The gift card and envelope approaches are one way to keep physical track of how you are doing on your spending goal.

If you find yourself resisting or unsure about the idea of having a January goal, simply keeping track of your spending as you go can work, too, as a reminder to rein in overspending.

Weight Watchers has used this approach for decades. The best tool of the program for me was the daily journal. Logging what I ate every day had more impact on my diet decision making than any other single factor.

Similarly, when a group of experimental homeowners were given an electric meter next to their thermostat, they used 7% to 19% less electricity than those with outside meters.

So writing down what you spent each day can take the form of a note on your phone, or a physical notepad or journal.

Every bit of awareness can help.

Credit Cards and Overspending

What if you must use credit cards, or really like getting the points? (Although the points rarely work as well as cash back, but that’s another blog post.)

Using a credit card is like having the electric meter on the outside of the house. You never get to compare what you have spent to a predetermined goal. Additionally, psychology studies show that when used in stores, as the credit card is handed back to us it reduces the feeling that we have spent anything. Our wallet looks the same afterward.

To build spending awareness and still use credit cards, sign up for a daily or weekly reminder of your charges and the current balance. (Not all companies will do this, tragically.) Each day or week, transfer your charges for that period from your bank account.

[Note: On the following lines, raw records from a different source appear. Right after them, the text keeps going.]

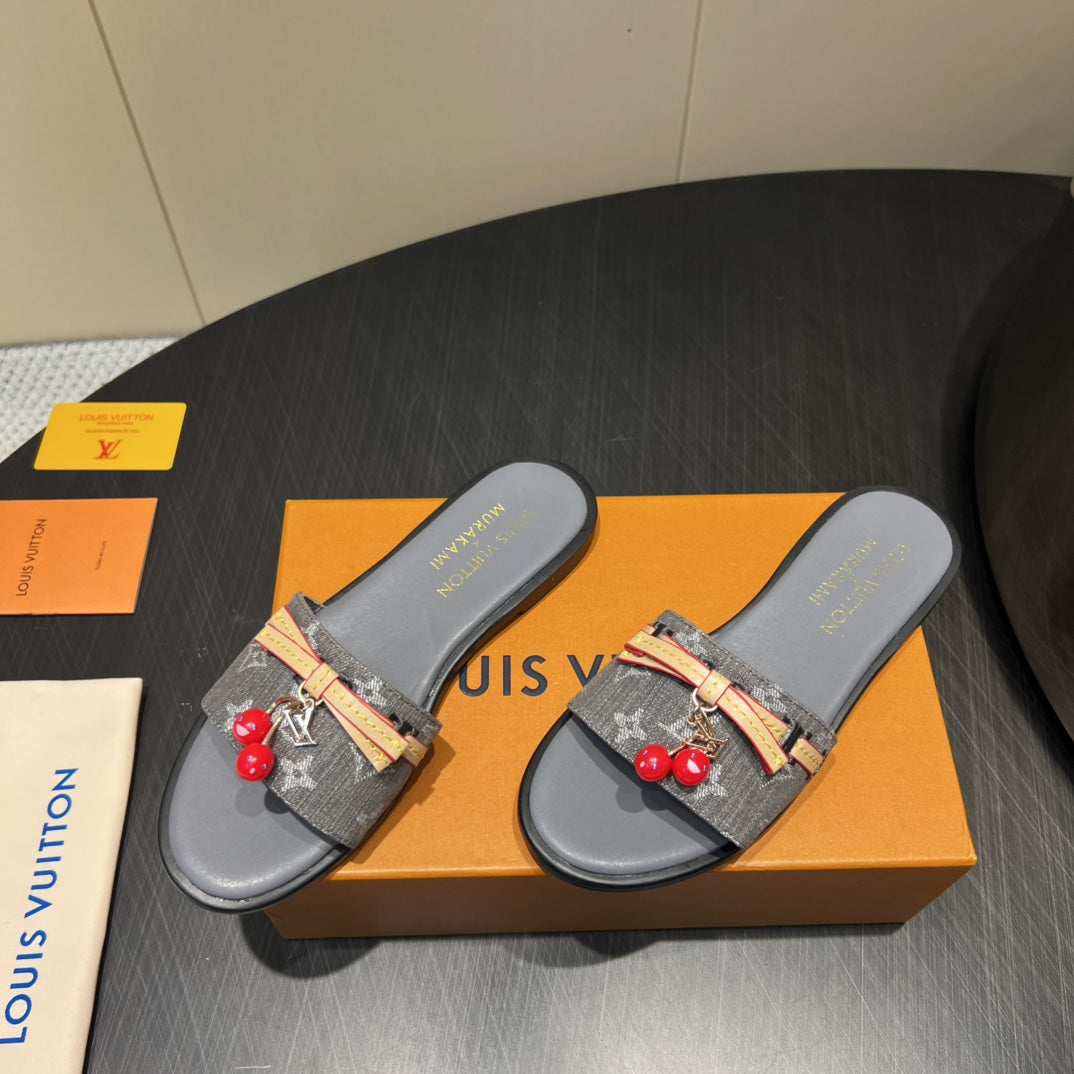 LV SLIDE SANDALS 25S IN DARK GREY DENIM AND CALFSKIN WITH CHERRY BLOSSOM BUCKLE、mysite、Cacoeks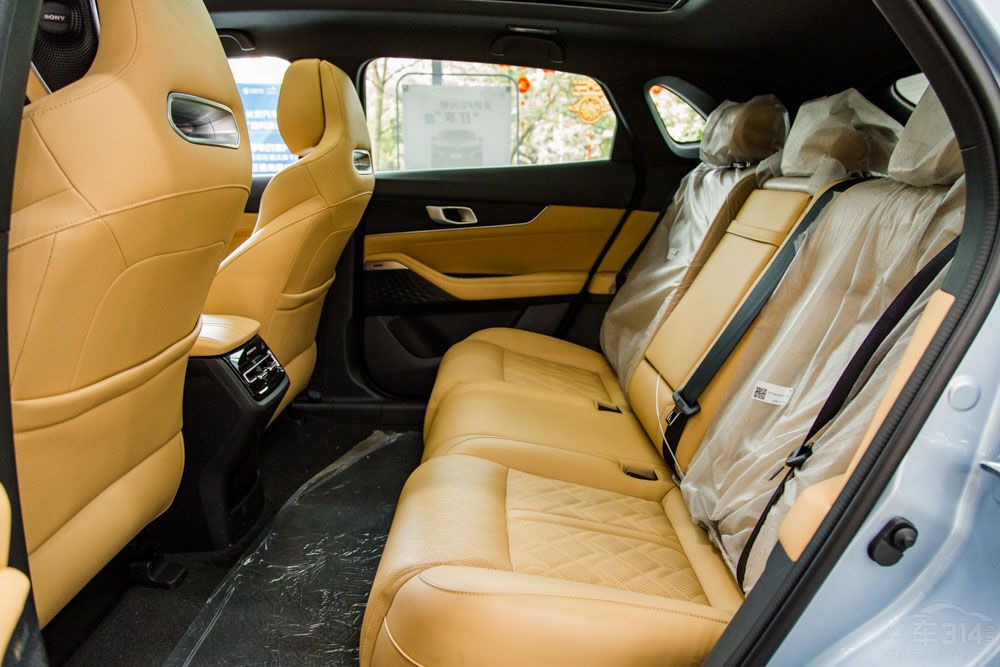 15-20�f����SUV���]�l �@����܇�����e�^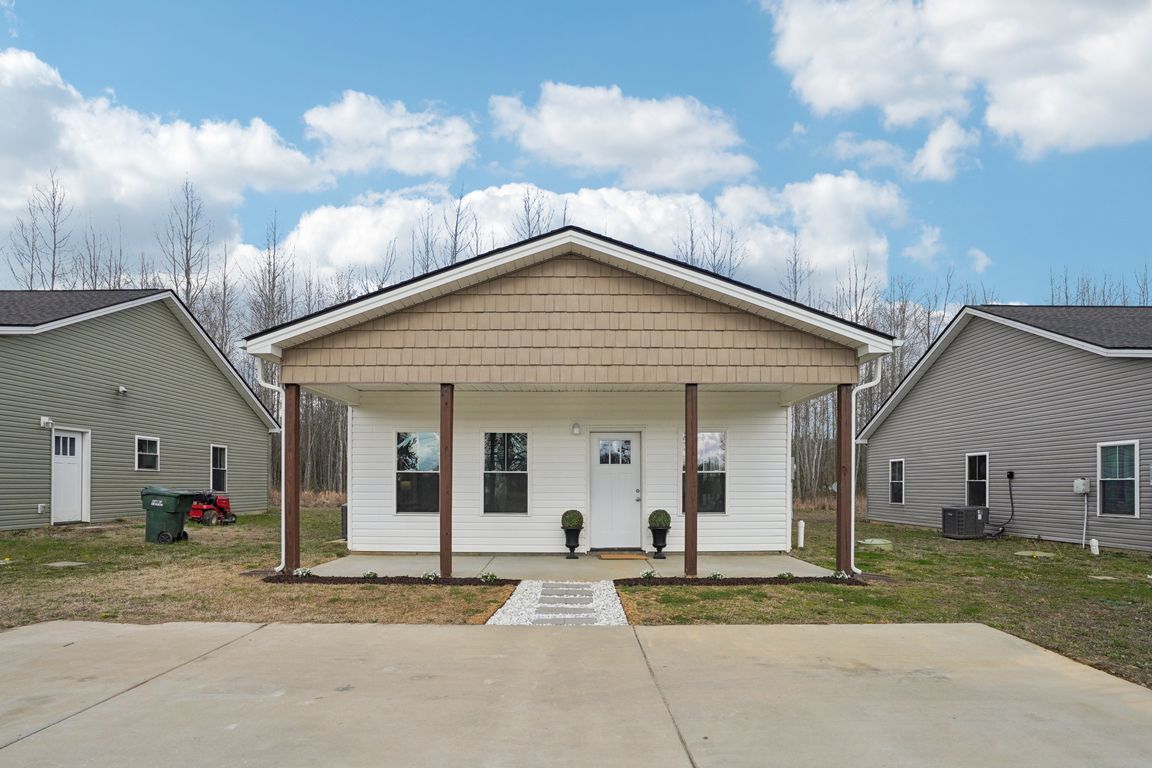 Eno Rd-S0703-001.jpg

At the extreme, you might make 30 payments on your credit card over the holidays, but so what? It’s helping you avoid the hangover.

Public Service Announcement

And a final Public Service Announcement: if you’re concerned about hangovers of a different kind, you’re not alone. There is help. AA.org helps with all kinds of addiction. Al-anon.org is for friends and families of alcoholics or addicts. Or, call a local Certified Addiction Professional for more one-on-one advice.

See our Resources page for recommended books on the psychology of money.

Imagine getting through January with no hangovers!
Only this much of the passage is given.